リハビリ発達支援ルームUTキッズ河合 「共生社会」・・・ということ

9月になって、朝夕は、暑さもやわらぎ、少し気持ちに余裕が出てきたので、気になっていた文書に目を通しました。
文部科学省の「共生社会の形成に向けて」というものです。
 
文部科学省が唱える「共生社会」とは、<障害者等が、積極的に参加・貢献することができる社会>であり、
そこでは<人格と個性が尊重され、人々の多様なありかたが相互に認められる社会>であるという。
そして、この社会の実現のために、障害者等に<合理的な配慮>をしながら
「インクルーシブ教育」(障害のある子とない子が、同じ場で、ともに学び合う教育)を展開してゆくという。
 
そして、最も大切なことは・・・
 
「それぞれの子どもが<生きる力を身に付ける>こと」
 
・・・としています。
 
これが、文部科学省から出された文書の、冒頭に書かれていることの一部です。
ここだけを読んでみて、このような社会になったらどれほど良いだろうと思う反面、
日本の社会がこのようになるには、どれほどの時間を費やせばいいのだろうと、
そして、本当に実現できるのかと、途方に暮れてしまいました。
 
僕自身、障害を持って生きてきて、僕が経験した範囲での社会は、
≪障害者を容易には受け入れない社会≫であり、
差別や偏見にまみれ、≪障害者の人格も個性も尊重されない社会≫でした。
 
 
・障害者だとわかった途端、手のひらを返したように冷たくなった人たち
・どうせ障害者なのだから、この程度にあしらっておけばいいとする人たち
 
 
「わかったよ、もう、信じないね」
心の中で、そう、つぶやいて、いくつもの願をあきらめて、
歯を食いしばって生きるほかありませんでした。
 
自分は、もう、≪普通の人≫ではない。

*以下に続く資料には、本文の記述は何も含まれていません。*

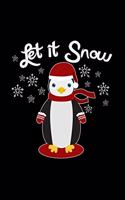 Let it snow: 6x9 Christmas - lined - ruled paper - notebook - notes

できないことが増えて、
人としての価値が無くなったと思うことが悲しくて、
自分が≪障害者≫であることを受け入れることにとても時間がかかりました。
 
それでも、あれこれともがいているうちに、気が付いたことがあります。
 
・・・もし、できにくいことを、できるようになりたければ、
粘り強く努力するほかなく、できにくいことでも、しなければならない時は、
どうすればできることでカバーできるかを考えればいい。
 
・・・そう、努力と工夫が必要なのだ、ということ。
 
そう考えられるようになって、もう一度、世の中を見渡してみると・・・≪普通の人≫は、どこにもいませんでした。

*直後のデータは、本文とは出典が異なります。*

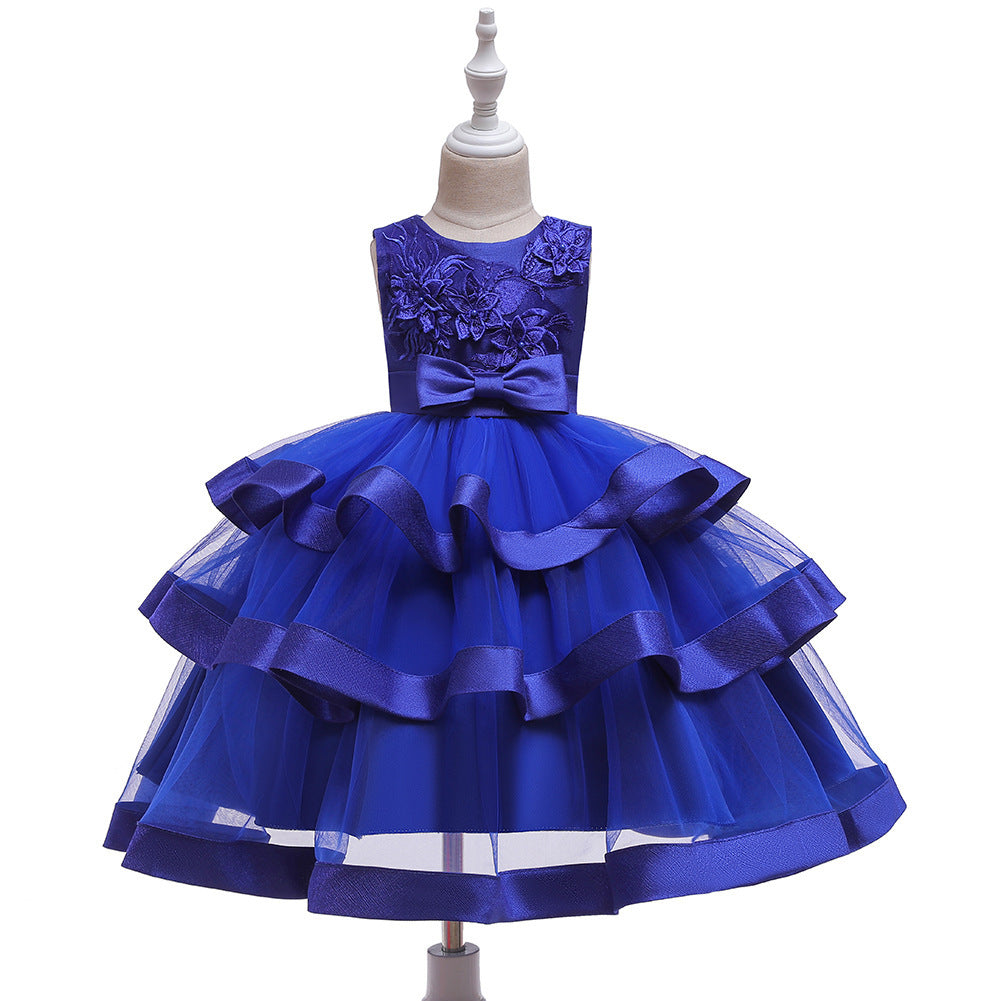 Girls Sleeveless Princess Dress – Mesh Cake Style Haielin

≪普通の人≫など、僕の内側にある障害への偏見を、僕自身に差し向けた結果の、幻想でしかなかったのです。
ほんとうは、みんな得意と不得意を持ったなかで、懸命に生きている。
ただ、できることとできないことの差が大きいか、小さいかの、程度問題に過ぎない。
だから、≪普通の人≫とか≪障害者≫とか、区別をすることにあまり意味はなく、
大切なのは、努力と工夫を続けながら、自分らしく頑張って生きようとする意志を持ち続けること。
 
このような意味で、僕は・・・
「それぞれの子どもが<生きる力を身に付ける>ことが最も本質的な視点である」
という、文部科学省の見解に賛同するのです。
 
では、どのように、子ども達に分かってもらうのか・・・。
 
「共生社会」・・・いまだ日本が実現したことのない社会。これを成し遂げることは簡単な道のりではないようです。
できるのか・・・できないのか・・・。そこで僕が期待しているのは、子ども達の感性です。
言葉や理屈で理解するのではない。できることと、そうではないことを抱えて、みんなが頑張っている!
この現実を感覚的に受けとめる。
 
 
たのむよ、感じ取ってくれ。
それが、君を、「人間」にする!
 
 
僕は、そう信じて、子ども達とかかわってゆきます。